Todo esto tiene que ver con nuestras relaciones con el exterior. Es esencial, desde esta perspectiva, vigilar lo que suceda con la balanza por cuenta corriente de la economía. Puesto que hemos importado grandes cantidades de ahorro, ahora toca devolverlo, es decir, registrar un excedente por cuenta corriente, lo que a su vez implica el mantenimiento de un alto nivel de exportaciones. Hemos avanzado en esta dirección, pero aún queda mucho por hacer especialmente ahora que los precios del petróleo comienzan a recuperarse. Si no invertimos más en investigación (nuestros gastos en I+D son los más bajos de los grandes países industrializados) y en educación, perderemos la batalla del endeudamiento y, de nuevo, pagarán nuestros hijos. Hay que encontrar un equilibrio entre los sacrificios de hoy y el bienestar de mañana. Basta imaginar lo que podríamos hacer hoy si la carga de la deuda (pública y privada) se redujera a la mitad o, alternativamente, lo que no podremos hacer mañana si la carga se duplica.

Por último, aunque sea el primer problema, habrá que hablar del empleo y de su correlativo: las pensiones. Si el empleo no crece no se podrán financiar las pensiones. Ha sido una buena idea enviar esta cuestión al Pacto de Toledo para alejarla del debate político del día a día, pero ello no quiere decir que no se plantee. Se ha recorrido un trecho del camino que lleva al equilibrio entre los ingresos y las prestaciones, pero solo un trecho. Y lo que queda por delante es sustancial. Dejémoslo pues para el Pacto de Toledo, que deberá convocar cuanto antes el próximo gobierno. Pero hay otras cosas que sí deben entrar en el debate político y que de hecho están en él, como la reforma laboral, por ejemplo. Sería un error que pagaríamos muy caro el derogarla, como algunos pretenden, aunque ello no quiera decir que no haya que retocar algunos de sus aspectos. La precariedad del empleo que se crea debe ser abordada con decisión.
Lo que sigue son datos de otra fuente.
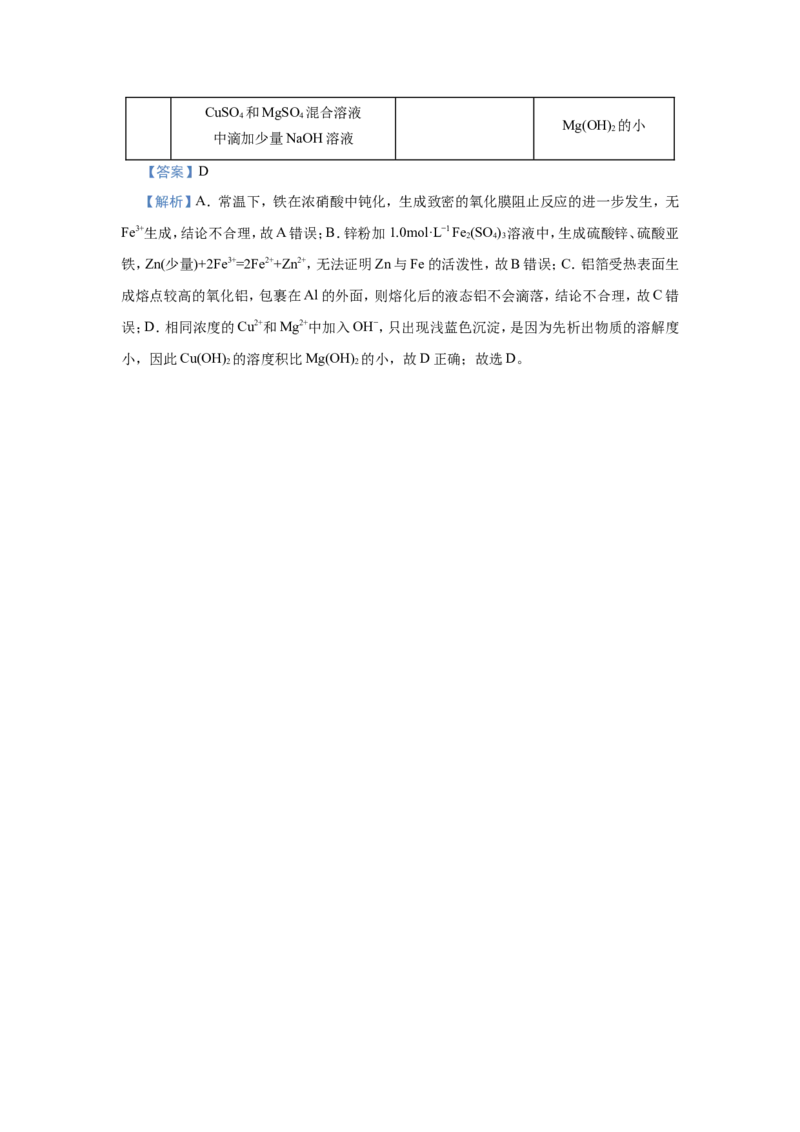 原创（新高考）2021届小题必练16表格评价型实验选择题教师版_05高考化学_新高考复习资料_2021新高考资料_2021届（新高考）高考化学小题必练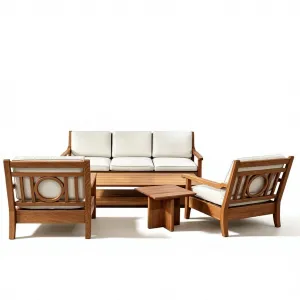 Outdoor Teak Sofa Set Distressed Retro Eco-Friendly Durable Waterproof Anti-corrosion Solid Wood Furniture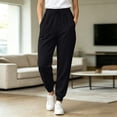 thumbnail image 2 of Women's Sweatpants Casual Drawstring Joggers with Elastic Cuffed Hem, Lightweight Lounge Pants for Yoga Running Athletic Workout Black L, 2 of 5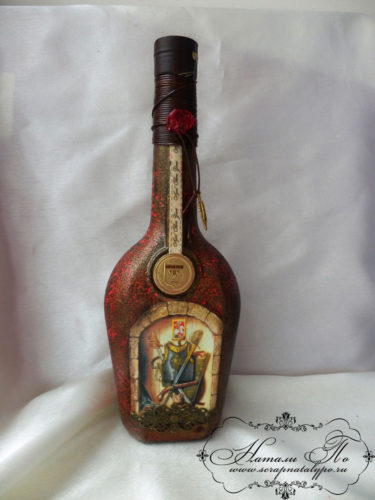 Декупаж бутылки, Путь воина, декор бутылок в Севастополе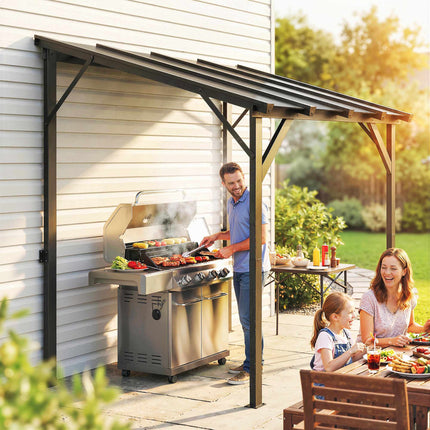 Wall-Mounted Grill Gazebo with UPF50+ PC Roof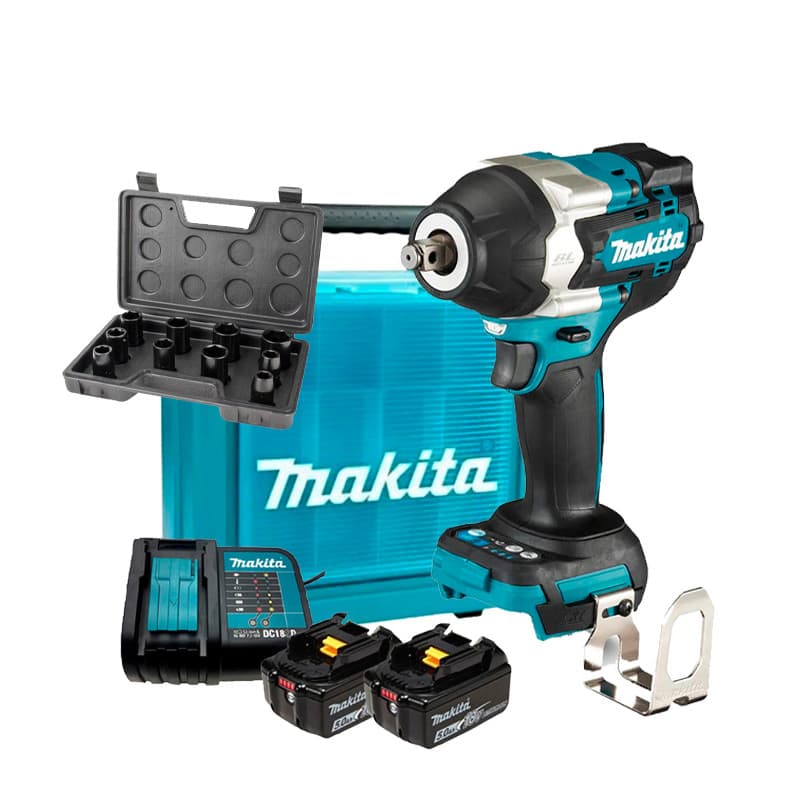 Chave de Impacto 1/2" Bateria 18V LXT Makita DTW700Z + Kit 2 Baterias 5Ah e Carregador Bivolt + Jogo de Soquete 10 pcs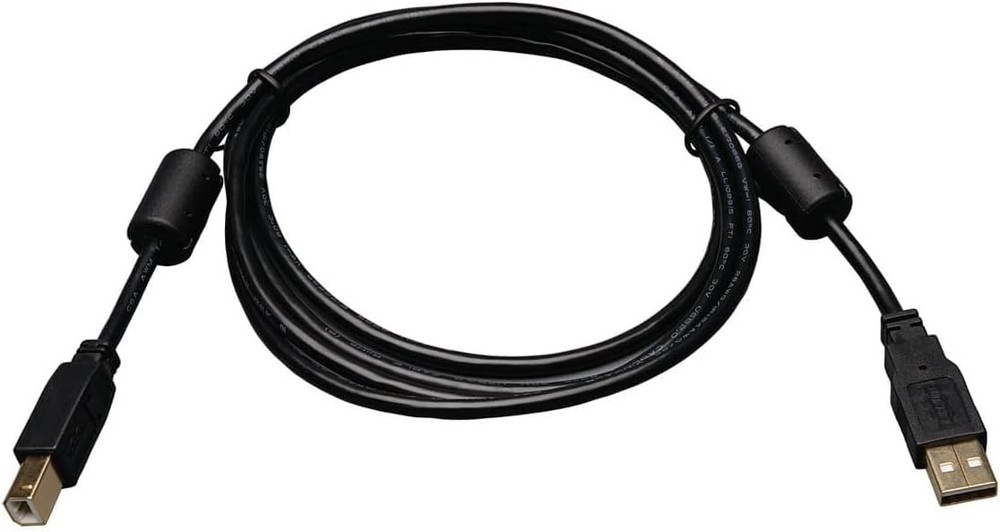 USB 2.0 A/B Gold Device Cable with Ferrite Chokes, 6'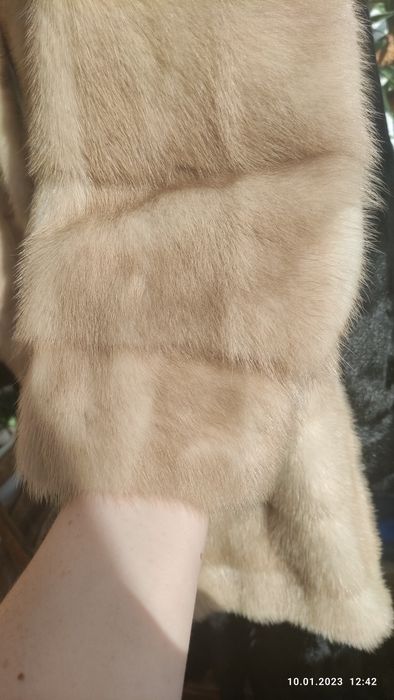 Шуба норка крем беж світла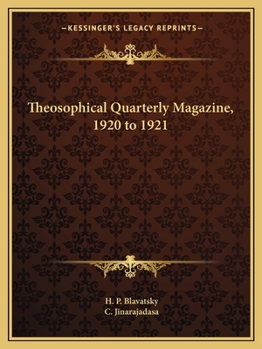 Paperback Theosophical Quarterly Magazine, 1920 to 1921 Book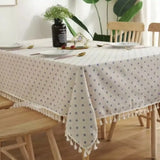 Toalha de Mesa Natal Flor Azul com Borla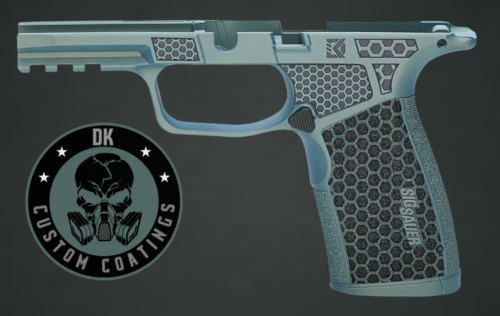 Photo of Sig Sauer P365 X Macro Grip Module- Northern Lights Cerakote – DK’s Hexagon Laser Stippling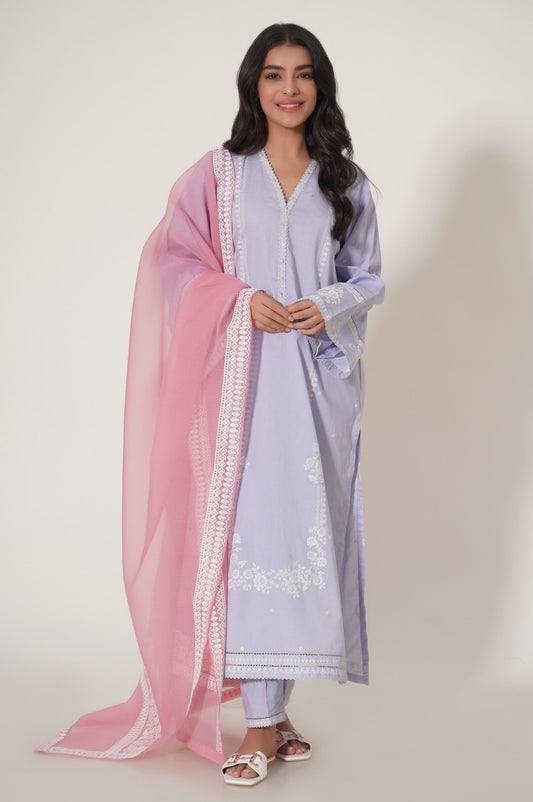 Unstitched 3 Piece Puff Printed Lawn Suit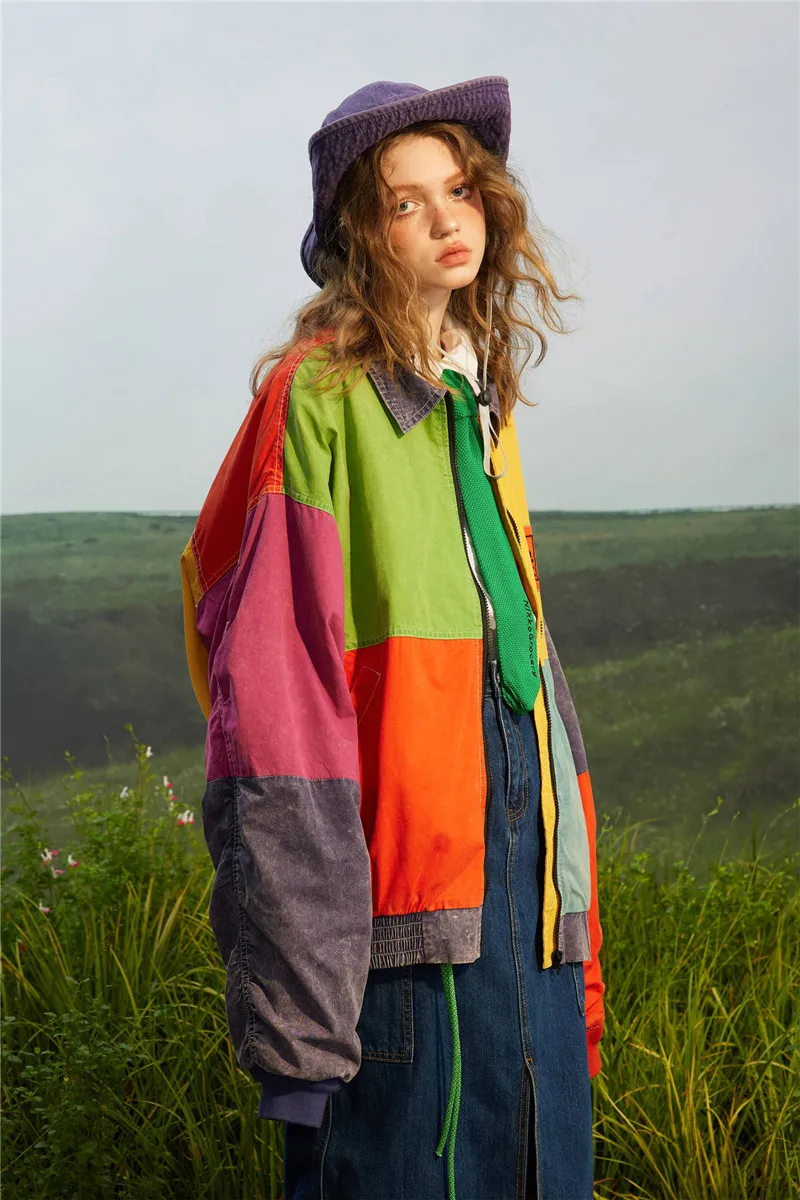 Модная куртка большого размера в стиле хип-хоп уличное пальто с заплатками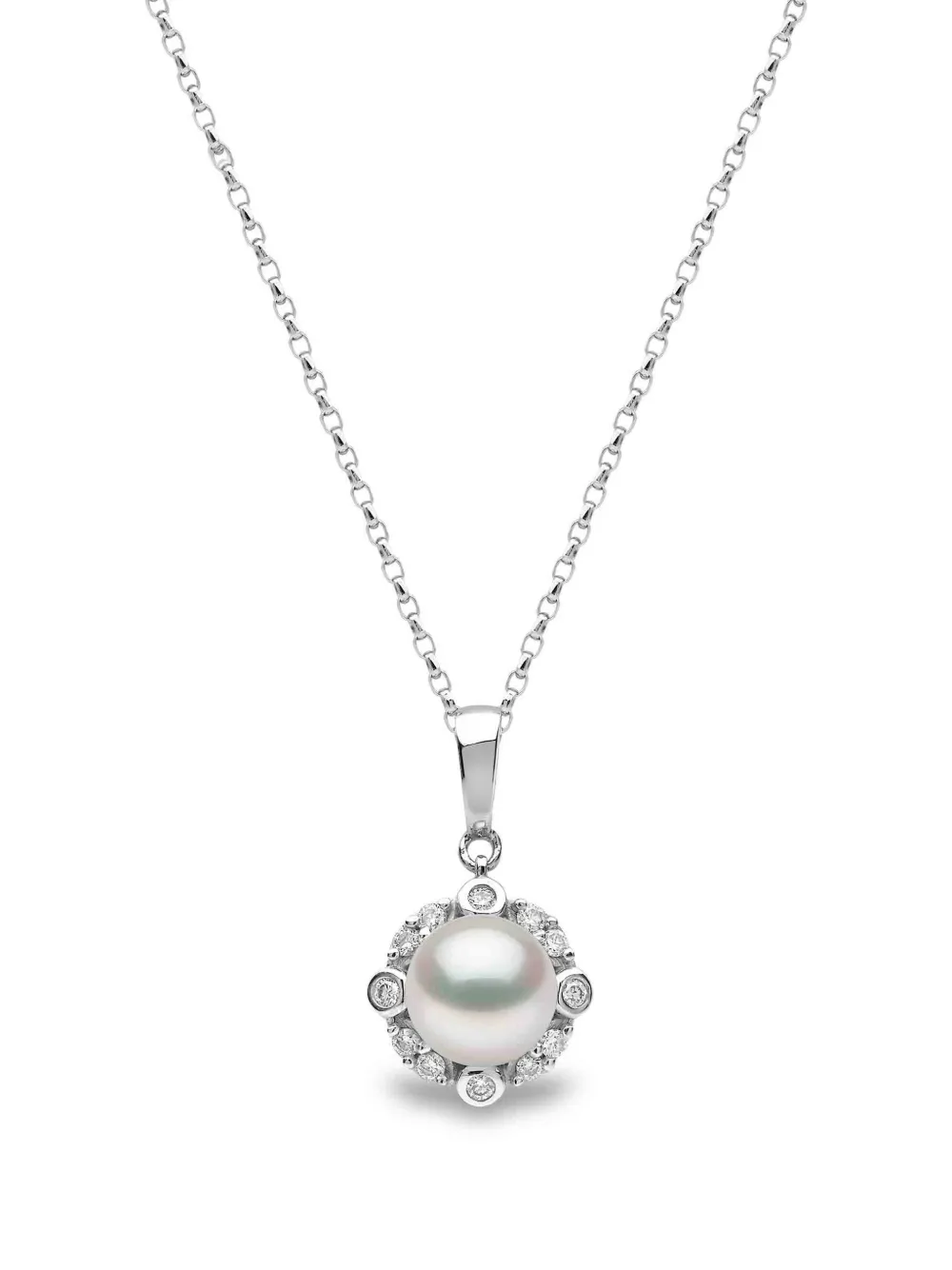 Yoko London freshwater pearl and diamond necklace - Argento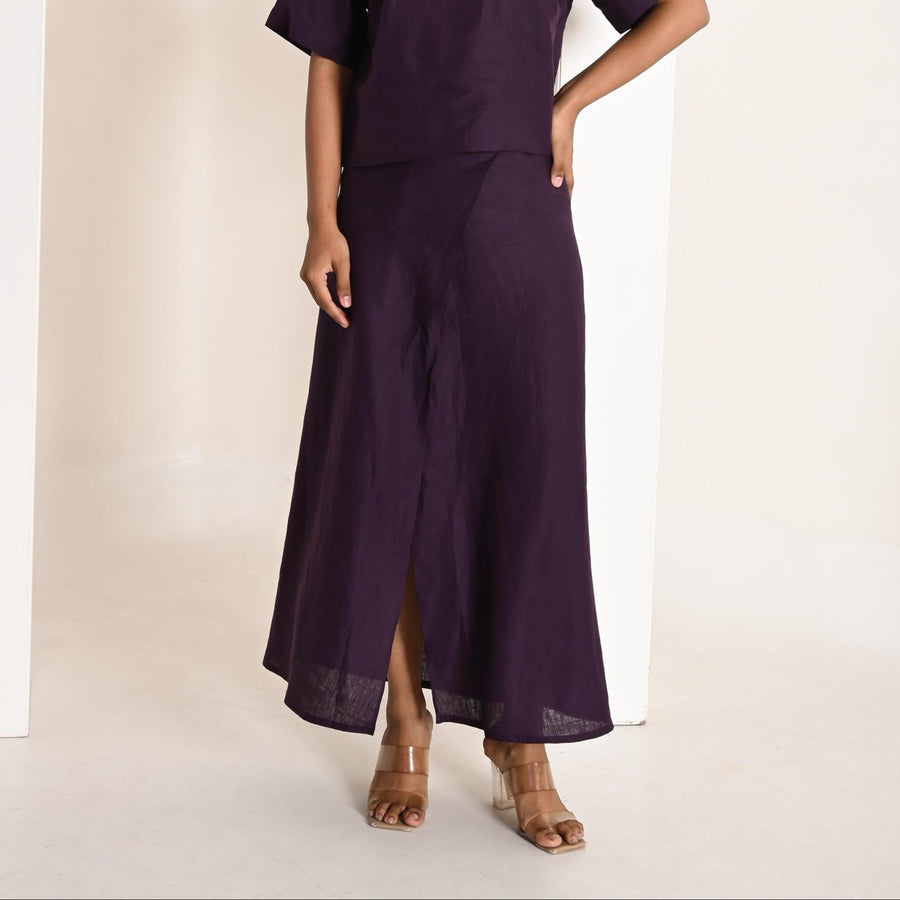 High Waist Linen Maxi Skirt: Wrap Style, Eco Friendly Natural Pure Linen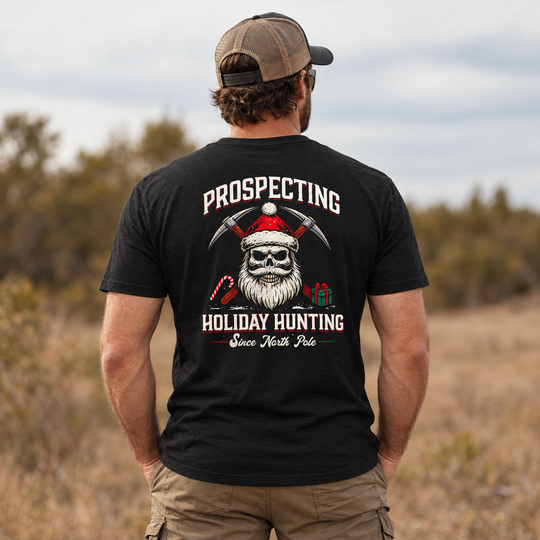 Prospecting Santa T-shirt Black back design lifestyle creative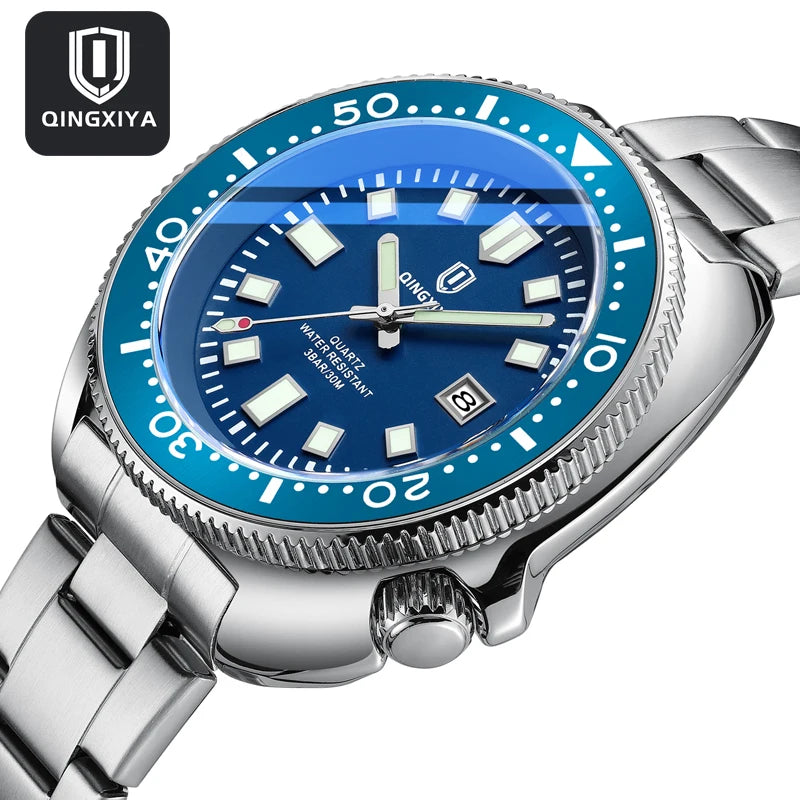 QINGXIYA 2025 New Men Stainless Steel Watch Quartz Waterproof Male Clock Business Watch Mens Watches Top Brand Luxury Men Watch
La solución no está en obligar a las empresas (y a la Administración) a proponer contratos indefinidos, sino en reducir al máximo el número de contratos que nuestro sistema legal propone y entablar una negociación seria con los agentes sociales para que cada cual asuma su responsabilidad en este terreno advirtiendo, como es lógico, que si no se llega a acuerdos tendrá que ser el Gobierno quien tenga la última palabra. La precariedad es la enemiga natural de la formación y. como consecuencia, del aumento del valor añadido de nuestra producción. El interés de todos, Administración, empresarios y trabajadores, es encontrar un punto de encuentro razonable que permita avanzar con decisión en este ámbito. Tenemos bazas importantes para atraer inversiones: una posición geoestratégica interesante, buenas infraestructuras, buena logística y algunas otras más. La Administración y las empresas deberían ponerse de acuerdo para hacerlas valer.

Es posible que en lo que queda de campaña preelectoral y en la electoral propiamente dicha se hable con seriedad de estas cosas, que surjan propuestas verosímiles, que se hable del futuro y del legado que queremos dejar a nuestros hijos. Aunque no quepa hacerse muchas ilusiones, siempre podemos esperar que así sea.